Natalie Mendez, an 18-year-old artist from the Miami area, distills her experience as a nonbinary person into expressive works of digital art that embody the vapor wave aesthetic.
Her identity is one that exists in a liminal state: In other words, she is an artist whose identity occupies a position on all sides of the threshold. Photo-manipulation then, Mendez’s particular style of art that takes seemingly clashing images and marries them together seamlessly, is the perfect avenue for expressing herself.
Mendez’s digital collages are a wonderful piecing together of the basic elements of vapor wave: soft pastels and neon colors, distortion, glitch art and a fascination with early 1990s and 2000s web imagery. But what makes Mendez such a delight as an artist isn’t that she simply regurgitates the notifiable elements of vapor wave, but that she goes a step further and incorporates parts of her own identity into the art.

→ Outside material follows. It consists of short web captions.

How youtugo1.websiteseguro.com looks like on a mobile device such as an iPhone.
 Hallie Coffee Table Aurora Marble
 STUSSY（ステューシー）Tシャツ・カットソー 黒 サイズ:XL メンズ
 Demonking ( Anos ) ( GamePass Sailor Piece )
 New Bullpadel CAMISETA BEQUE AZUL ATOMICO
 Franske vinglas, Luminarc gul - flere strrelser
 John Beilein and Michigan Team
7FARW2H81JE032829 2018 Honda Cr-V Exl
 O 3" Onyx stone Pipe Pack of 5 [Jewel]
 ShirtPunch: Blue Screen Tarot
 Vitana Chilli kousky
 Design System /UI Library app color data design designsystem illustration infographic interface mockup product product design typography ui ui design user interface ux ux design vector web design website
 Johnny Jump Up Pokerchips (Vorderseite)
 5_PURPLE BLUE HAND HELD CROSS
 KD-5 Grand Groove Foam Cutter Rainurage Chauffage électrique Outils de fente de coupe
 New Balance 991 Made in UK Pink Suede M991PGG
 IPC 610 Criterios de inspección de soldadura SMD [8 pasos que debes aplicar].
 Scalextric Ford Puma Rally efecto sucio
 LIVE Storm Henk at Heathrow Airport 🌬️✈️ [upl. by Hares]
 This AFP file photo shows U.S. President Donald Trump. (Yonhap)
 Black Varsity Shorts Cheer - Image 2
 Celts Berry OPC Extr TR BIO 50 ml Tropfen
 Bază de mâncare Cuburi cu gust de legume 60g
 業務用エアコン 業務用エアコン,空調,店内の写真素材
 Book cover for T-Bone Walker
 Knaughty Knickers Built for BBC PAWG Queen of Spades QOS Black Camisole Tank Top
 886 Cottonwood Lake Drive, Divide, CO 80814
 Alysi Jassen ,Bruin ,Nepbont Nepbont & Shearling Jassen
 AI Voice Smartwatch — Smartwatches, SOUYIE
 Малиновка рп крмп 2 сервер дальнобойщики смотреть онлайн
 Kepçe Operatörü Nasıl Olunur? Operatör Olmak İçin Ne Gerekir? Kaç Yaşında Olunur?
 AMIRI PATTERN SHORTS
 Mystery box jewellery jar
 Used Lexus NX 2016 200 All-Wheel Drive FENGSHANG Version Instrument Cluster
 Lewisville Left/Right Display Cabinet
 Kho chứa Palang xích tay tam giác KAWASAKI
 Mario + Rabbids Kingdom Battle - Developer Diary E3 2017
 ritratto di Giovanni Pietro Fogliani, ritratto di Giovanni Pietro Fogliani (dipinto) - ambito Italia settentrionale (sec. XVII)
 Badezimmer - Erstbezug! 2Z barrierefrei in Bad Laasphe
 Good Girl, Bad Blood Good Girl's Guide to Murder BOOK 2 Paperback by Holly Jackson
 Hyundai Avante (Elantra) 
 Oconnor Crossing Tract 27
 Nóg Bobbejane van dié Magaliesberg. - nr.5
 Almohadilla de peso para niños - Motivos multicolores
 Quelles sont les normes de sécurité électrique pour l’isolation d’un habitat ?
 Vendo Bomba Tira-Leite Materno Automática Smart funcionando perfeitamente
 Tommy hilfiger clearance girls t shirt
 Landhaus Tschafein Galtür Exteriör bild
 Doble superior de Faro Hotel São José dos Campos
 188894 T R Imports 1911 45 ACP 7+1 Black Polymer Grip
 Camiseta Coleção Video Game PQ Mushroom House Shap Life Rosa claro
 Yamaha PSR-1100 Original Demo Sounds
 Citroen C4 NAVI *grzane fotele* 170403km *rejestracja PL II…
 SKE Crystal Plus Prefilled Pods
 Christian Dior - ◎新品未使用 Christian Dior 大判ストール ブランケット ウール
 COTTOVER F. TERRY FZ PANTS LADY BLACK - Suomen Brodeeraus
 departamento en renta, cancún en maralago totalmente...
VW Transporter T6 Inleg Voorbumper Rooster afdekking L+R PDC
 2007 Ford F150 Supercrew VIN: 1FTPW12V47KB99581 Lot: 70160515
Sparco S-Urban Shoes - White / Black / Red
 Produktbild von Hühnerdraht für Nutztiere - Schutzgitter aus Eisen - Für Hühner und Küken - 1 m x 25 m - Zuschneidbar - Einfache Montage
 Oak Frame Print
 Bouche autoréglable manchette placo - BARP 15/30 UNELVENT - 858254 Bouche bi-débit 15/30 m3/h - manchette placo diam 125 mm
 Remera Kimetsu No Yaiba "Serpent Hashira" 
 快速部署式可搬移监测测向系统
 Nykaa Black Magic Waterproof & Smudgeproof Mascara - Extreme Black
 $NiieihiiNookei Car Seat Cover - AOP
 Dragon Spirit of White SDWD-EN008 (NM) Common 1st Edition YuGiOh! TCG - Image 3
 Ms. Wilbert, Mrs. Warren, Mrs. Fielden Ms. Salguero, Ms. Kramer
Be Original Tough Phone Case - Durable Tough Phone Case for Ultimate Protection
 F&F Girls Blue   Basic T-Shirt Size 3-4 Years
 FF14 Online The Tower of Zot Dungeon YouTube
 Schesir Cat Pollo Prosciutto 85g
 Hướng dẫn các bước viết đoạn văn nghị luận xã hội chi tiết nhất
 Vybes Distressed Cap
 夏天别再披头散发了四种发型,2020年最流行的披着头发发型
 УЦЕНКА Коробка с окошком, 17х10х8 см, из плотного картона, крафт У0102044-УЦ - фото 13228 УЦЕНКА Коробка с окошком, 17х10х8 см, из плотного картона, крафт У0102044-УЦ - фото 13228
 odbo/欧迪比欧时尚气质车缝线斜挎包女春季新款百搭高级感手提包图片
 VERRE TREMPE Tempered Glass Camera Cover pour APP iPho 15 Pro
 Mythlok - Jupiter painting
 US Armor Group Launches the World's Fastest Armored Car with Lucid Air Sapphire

In “pretty boy,” “The Beach,” and “The Deep,” — for example — imagery of statues that look to be from the renaissance era are superimposed with lush tropical plants. The busts are a dead giveaway for her passion for art history, and the tropical plants a nod to her Miami residence.
Mendez hopes to use her art as a mirror, reflecting to the world the adversity she has faced as a marginalized individual and giving a look into how she processes the world and her experiences.
Her digital collages make up just one part of her portfolio — Mendez also creates original art both digitally and traditionally. Her digital art shines as a true expression of the self. She creates rich landscapes that giveaway a warped, almost childlike view of the world. They are pieces filled with bright colors and intricate celebrations of the imperfections found in nature.